Yesterday was Day Two of the Advertising Age Digital Conference in New York City and the person whose presentation generated tweets that really caught my attention was Jen Walsh, Global Director of Digital Media for GE. Among the dozens of topics she covered, the ones that stuck out to me–at least among the posted tweets that our own Stephen Riley culled–were how GE’s data proves that online video-based ads telling their story generate interaction rates that are off the charts. Further, among online ad formats, GE found their sweet spot when they used video to tell larger stories in a 300 by 250 unit (the one that most approximates television’s 4:3 video ratio). It was such a strong performer that ultimately, they dumped all other units in favor of this one. Finally, when it comes to online video, Ms. Walsh believes that to get a true sense of that unit’s value, you must look beyond mere click-through rates and consider time spent and qualitative tracking of control vs. exposed audiences.
Many organizations champion online video and it’s ability to present a more dimensionalized brand message to highly-targeted audiences. And I agree. With the technological innovations in cable television, even offline video advertising soon plans to offer targeting down to the individual set box level. When this happens, advertisers will no longer buy time slots, but demographics.
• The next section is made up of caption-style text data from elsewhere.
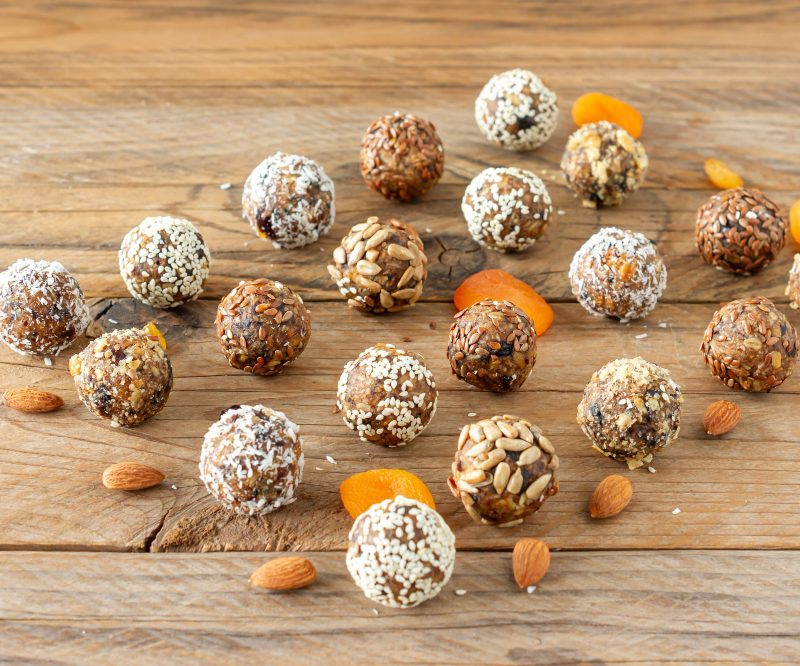 Rows of protein balls on a wood table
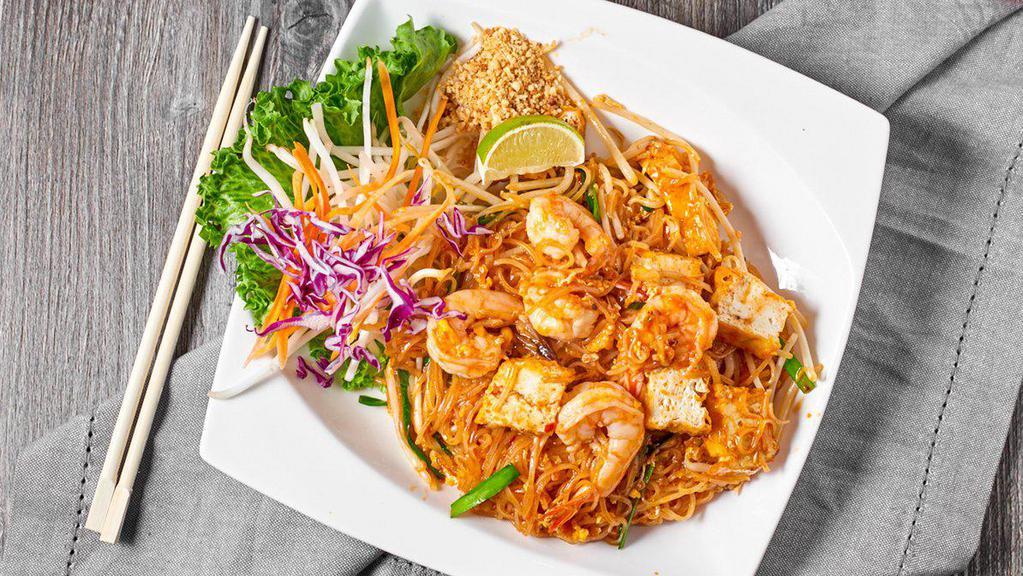 Pad Thai Noodle · Spicy. Stir-fried thin rice noodle, shrimp, dry shrimp, egg, ground peanut, tofu and bean sprout with red paprika powder and lime juice.
(Beef,Chicken,Pork and Vegetarian option is available ,please leave note otherwise system will pick Shrimp as protein choice)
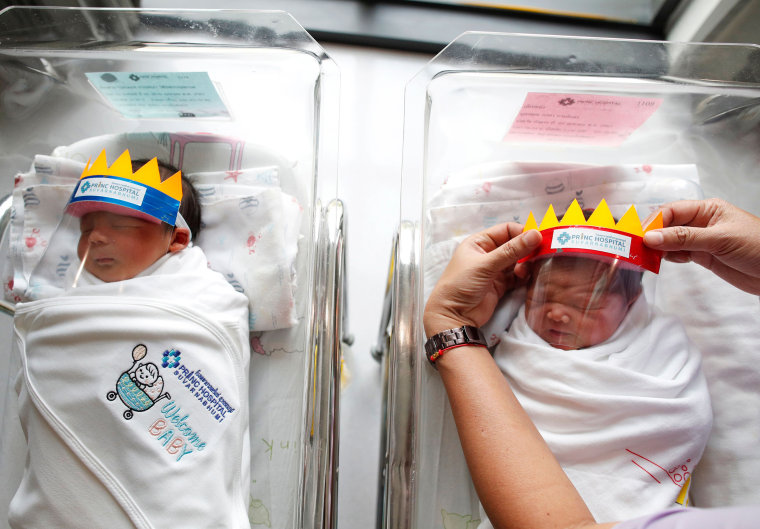 Newborn baby wear face shield to prevent the COVID-19 coronavirus pandemic, Samut Prakan, Thailand - 08 Apr 2020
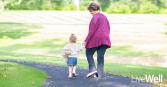 Natalie Thompson, Genesis Cancer Care Center patient enjoys life after cancer with her daughter as they are photographed walking through a sunny park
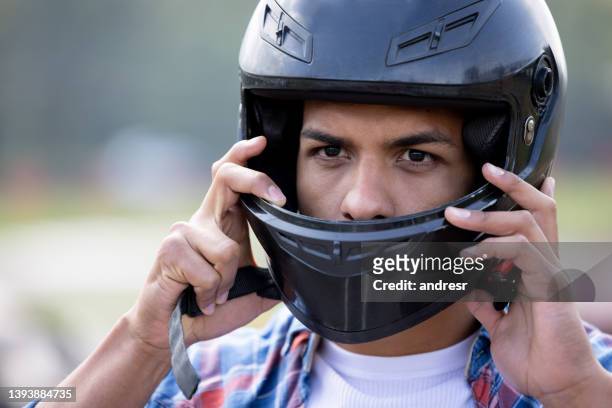 hombre poniéndose el casco y preparándose para correr en los go-carts - crash helmet fotografías e imágenes de stock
Aside from the practical challenges of hyper personalization and fragmentation, this is good news for those of us who earned our stripes on creative video production. Telling a compelling, engaging story with video remains one of the most primal and powerful communication mediums today, even if the various technologies and formats have evolved. Increasingly, we must tell those stories on two screens–HDTV and internet video. Soon, that list will expand to three, as the mobilenet delivers ever better video content.
All of which demonstrates once again how our business has changed. Yet convergence simply demands that we learn to adapt our video-based stories in a manner that respects the idiosyncracies of the various platforms.
Because ultimately, digital and mobile are merely regional dialects–they are not entirely new languages. Creative people still need to lead with ideas.